Uit de reacties op het consultatiedocument bleek dat er onduidelijkheid bestond op welk aggregatieniveau kosten moesten worden bepaald, per complex of per verhuurbare eenheid. Hiervoor geldt dat de kosten zowel op het niveau van verhuurbare eenheid als op het niveau van complex mogen worden bepaald. Het bepalen van de kosten op het laagste aggregatieniveau heeft wel de voorkeur mits het zinvol is en tegen acceptabele kosten is te bepalen.

Dus hier kan naar de aard van de post zo nodig worden gedifferentieerd. Voorbeeld ozb aanslag: adres/complex niveau. Personeelskosten verhuur en incasso-proces: onderscheid naar bijvoorbeeld DAEB en niet-DAEB woningportefeuille. Corporaties moeten hierbij enige ruimte houden om dit zelf in te richten (handboek functioneel geeft hier goede duiding voor).

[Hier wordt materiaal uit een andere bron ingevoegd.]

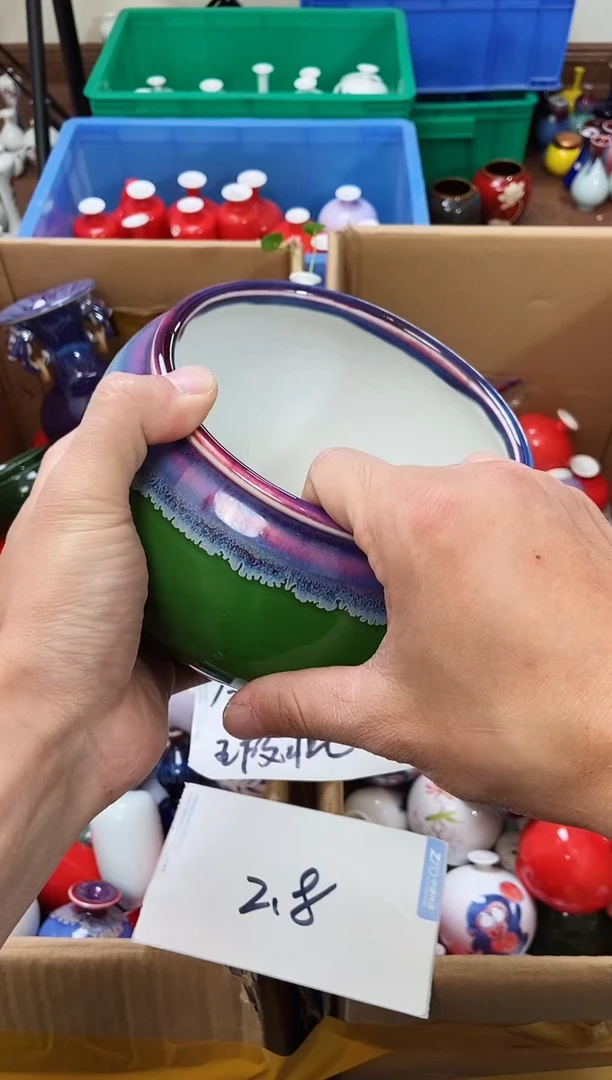 摆件12.28中瑕疵小花瓶摆件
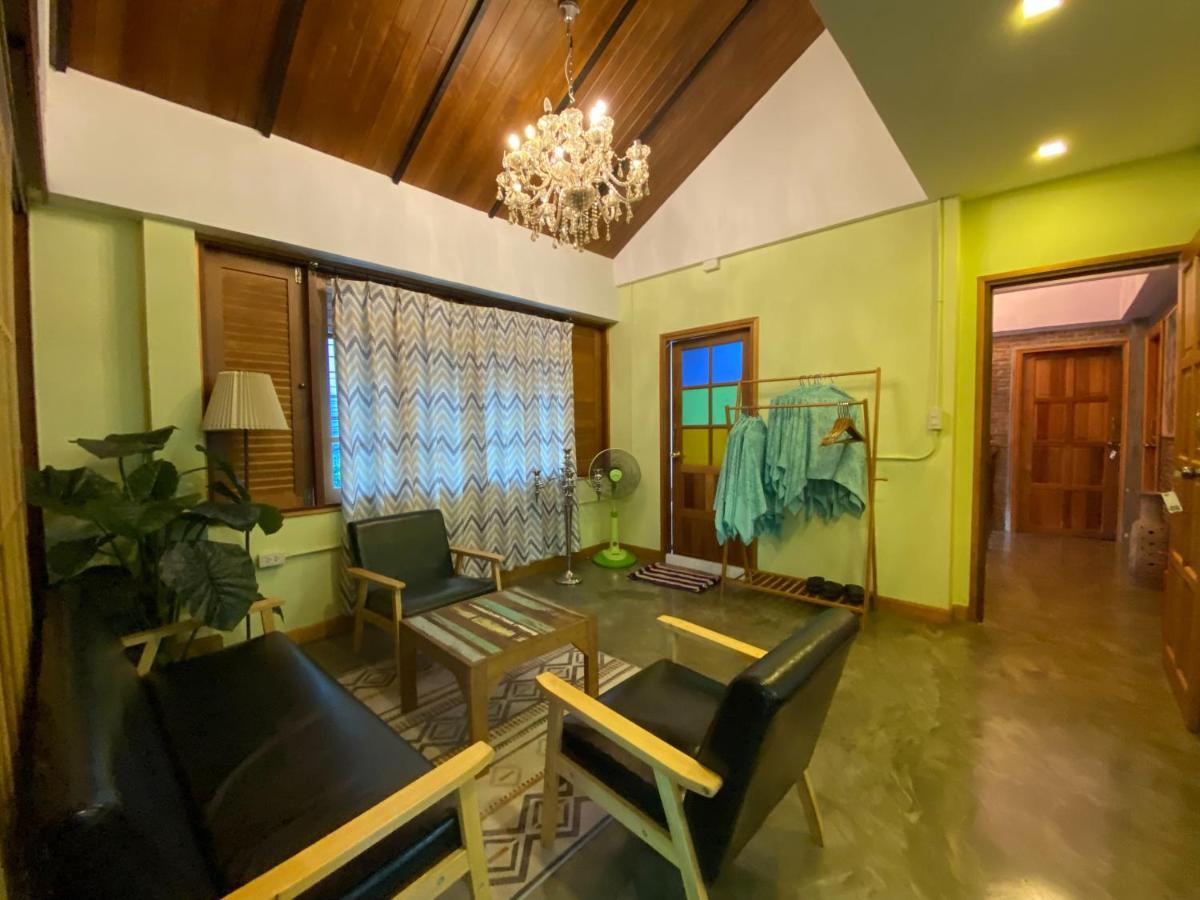 Готель T-House Bkk 2Floors Near Bts With Swimming Pool And Free Wifi Бангкок Екстер'єр фото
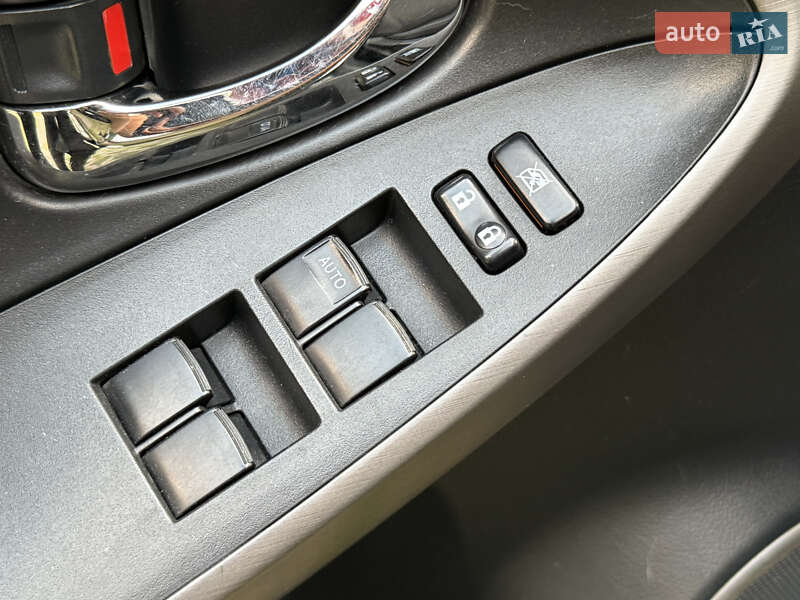 Позашляховик / Кросовер Toyota RAV4 2008 в Харкові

Daarnaast hebben corporaties te kennen gegeven op de hoogte te zijn van de wijziging van de raad van de

jaarverslaggeving (RJ 2018-05) omtrent de verwerking van onderhoud in de jaarverslaglegging. Met de verankering van de definities voor onderhoud en beheer conform het memo ‘Definities onderhoud en beheer ten behoeve van verantwoording en prognose’ in de RTIV, zal ook de toepassing van RJ-uiting 2018-05 niet van toepassing worden

(6)

 Begroting over 2020 (dPi2019) en jaarrekening over 2020 (dVi2020): volledig implementeren van de nieuwe definities.

3. Administratieve lasten

In meerdere reacties komt terug dat componenten met een onderhoudskarakter vaak onderdeel zijn van een investeringsbeslissing en handmatig moeten worden gesplitst bij grote ingrepen. In de reacties wordt het splitsen aangemerkt als bewerkelijk, omdat het niet aansluit bij de investeringsbeslissing die over de gehele ingreep gaat en de informatiebehoefte van de corporaties zelf die vanuit de begrotingscycli anders is ingericht.

Bij gecombineerde uitgaven vinden corporaties het een administratieve last om facturen te splitsen in

onderhoud/verbetering (bijvoorbeeld dak met isolatie). In de praktijk merken meerdere corporaties op dat zij niet splitsen maar op basis van het karakter van de totale ingreep ofwel als onderhoudsuitgave ofwel als investering verantwoorden. Hierbij worden meerdere malen ook praktische grensbedragen genoemd.

Deze reacties zijn besproken met de corporaties, waarbij de toevoeging van de “ingrijpende verbouwing’’ corporaties helpt bij het beperken van de lastenverzwaring. Wanneer wordt voldaan aan de gestelde criteria hoeft een project niet gesplitst te worden en is het mogelijk om de gehele uitgaven als investering aan te merken. Er is niet voor gekozen om met grensbedragen als drempel te werken omdat er geen eenduidige bedragen als onderbouwing beschikbaar zijn en voorkomen wordt dat naar grenzen toe wordt gerekend.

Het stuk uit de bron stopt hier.